ImagePropertyConvert

ImagePropertyConvert

Then add a SoView2DOverlayMPR module and connect it to the ImagePropertyConvert and the View2D. Change Blend Mode to Blend, Alpha to something between 0 and 1 and define a color for the overlay.

SoView2DOverlayMPR

SoView2DOverlayMPR

Save the internal network.

Remove OpenCV specific code

We want to use PyTorch for segmentation, therefore you need to add all necessary imports.

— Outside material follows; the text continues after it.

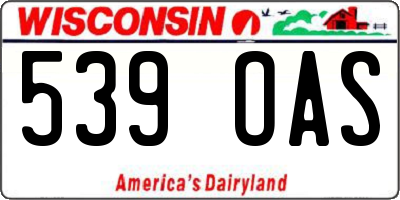 WI license plate 539OAS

PyTorchSegmentationExample.py

import cv2
import OpenCVUtils
from torchvision.io.image import read_image
from torchvision.models.segmentation import fcn_resnet50, FCN_ResNet50_Weights
from torchvision.transforms.functional import to_pil_image
import torch

Additionally remove the face_cascade parameter from your Python code. This was necessary for detecting a face in OpenCV and is not necessary anymore in PyTorch. The only parameters you need here are:

PyTorchSegmentationExample.py

_interfaces = []
camera = None

You can also remove the OpenCV specific lines in grabImage. The function should look like this now:

PyTorchSegmentationExample.py

# Grab image from camera and update
def grabImage():
  _, img = camera.read()
  updateImage(img)

Adapt the function releaseCamera and remove the line cv2.destroyAllWindows().

PyTorchSegmentationExample.py

# Release camera in the end
def releaseCamera(_):
  global camera, _interfaces
  ctx.removeTimers()
  _interfaces = []
  if camera:
    camera.release()
    camera = None

Implement PyTorch segmentation

The first thing we need is a function for starting the camera. It closes the previous segmentation and calls the existing function startCapture.

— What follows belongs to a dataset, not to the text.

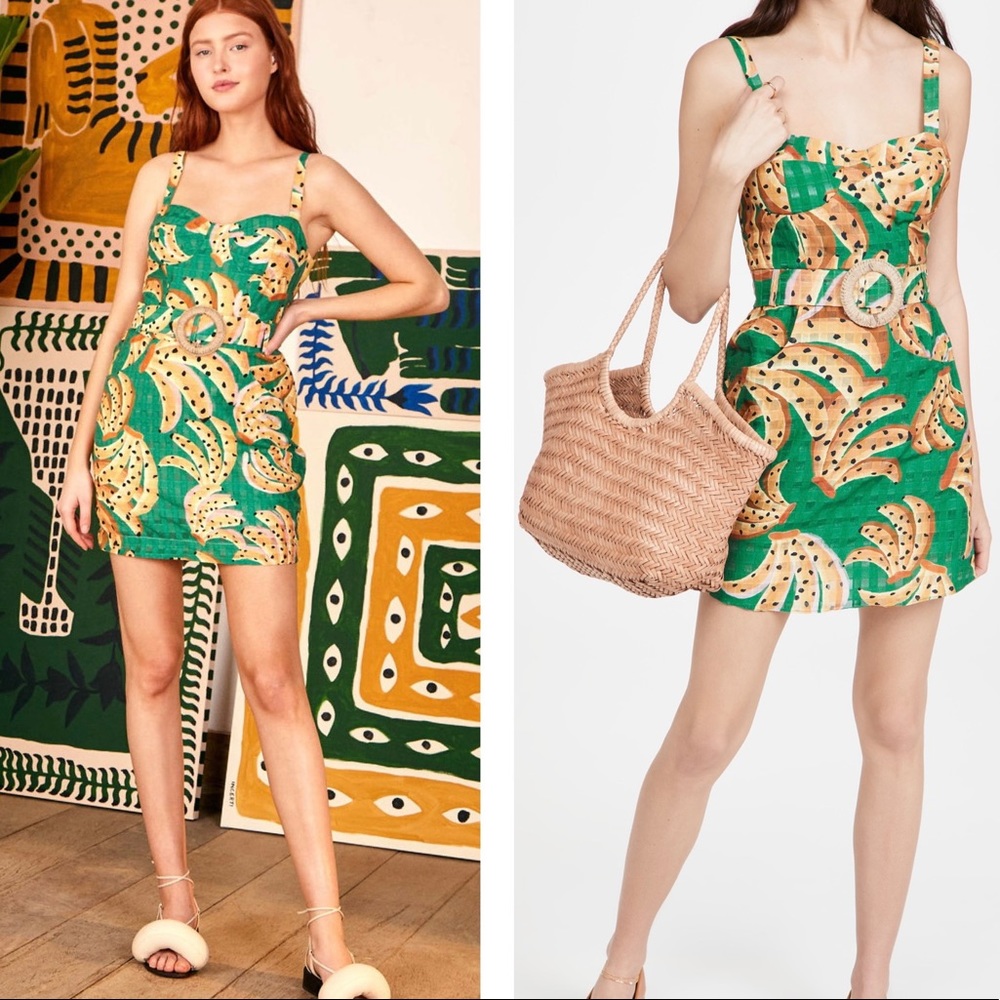 Farm Rio Green Raining Bananas Mini Dress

PyTorchSegmentationExample.py

def startWebcam():
  # Close previous segmentation
  ctx.module("PythonImage1").call("getInterface").unsetImage()
  # Start webcam
  startCapture()

As this function is not called in our User Interface, we need to update the *.script file. Change the first Button to below script:

PyTorchSegmentationExample.script

Button {
  title   = "Start Webcam"
  command = startWebcam
}

Now your new function startWebcam is called whenever touching the left button. As a next step, define a Python function segmentSnapshot. We are using a pre-trained network from torchvision. In case you want to use other PyTorch possibilities, you can find lots of examples on their website.

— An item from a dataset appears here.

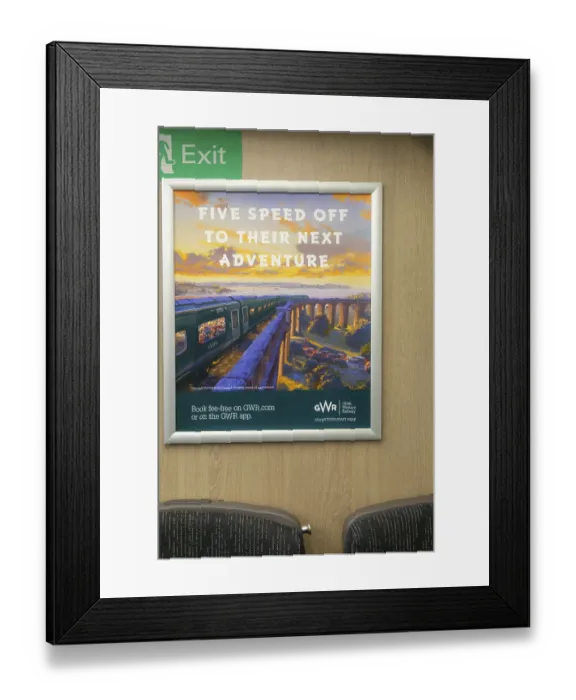 Framed Print : GWR train poster onboard Great Western Railway train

PyTorchSegmentationExample.py

def segmentSnapshot():
  # Step 1: Get image from webcam capture
  stopCapture()
  inImage = ctx.field("PythonImage.output0").image()
  img = inImage.getTile((0,0,0,0,0,0), inImage.imageExtent())[0,0,:,0,:,:]
    
  # Step 2: Convert image into torch tensor
  img = torch.Tensor(img).type(torch.uint8)
    
  # Step 3: Initialize model with the best available weights
  weights = FCN_ResNet50_Weights.DEFAULT
  model = fcn_resnet50(weights=weights)
  model.eval()
    
  # Step 4: Initialize the inference transforms
  preprocess = weights.transforms()
    
  # Step 5: Apply inference preprocessing transforms
  batch = preprocess(img).unsqueeze(0)
    
  # Step 6: Use the model to segment persons in snapshot
  prediction = model(batch)["out"]
  normalized_masks = prediction.softmax(dim=1)
  class_to_idx = {cls: idx for (idx, cls) in enumerate(weights.meta["categories"])}
  mask = normalized_masks[0, class_to_idx["person"]]
    
  # Step 7: Set output image to module
  interface = ctx.module("PythonImage1").call("getInterface")
  interface.setImage(mask.detach().numpy())
    
  # Step 8: Resize network output to original image size
  origImageSize = inImage.imageExtent()
  ctx.field("Resample3D.imageSize").value = (origImageSize[0], origImageSize[1], origImageSize[2])

In order to call this function, we have to change the command of the right button by adapting the *.script file.

PyTorchSegmentationExample.script

Button {
  title   = "Segment Snapshot"
  command = segmentSnapshot
}

In step 5 we selected the class person. Whenever you click Segment Snapshot, PyTorch will try to segment all persons in the video.

The final result of the segmentation should be a semi-transparent red overlay of the persons segmented in your webcam stream.

Final Segmentation result

Final Segmentation result

Summary

  • You can install additional Python AI packages by using the PythonPip module.
  • PyTorch trained networks can be used directly in MeVisLab via PythonImage module.
  • You can integrate AI algorithms into your MeVisLab networks.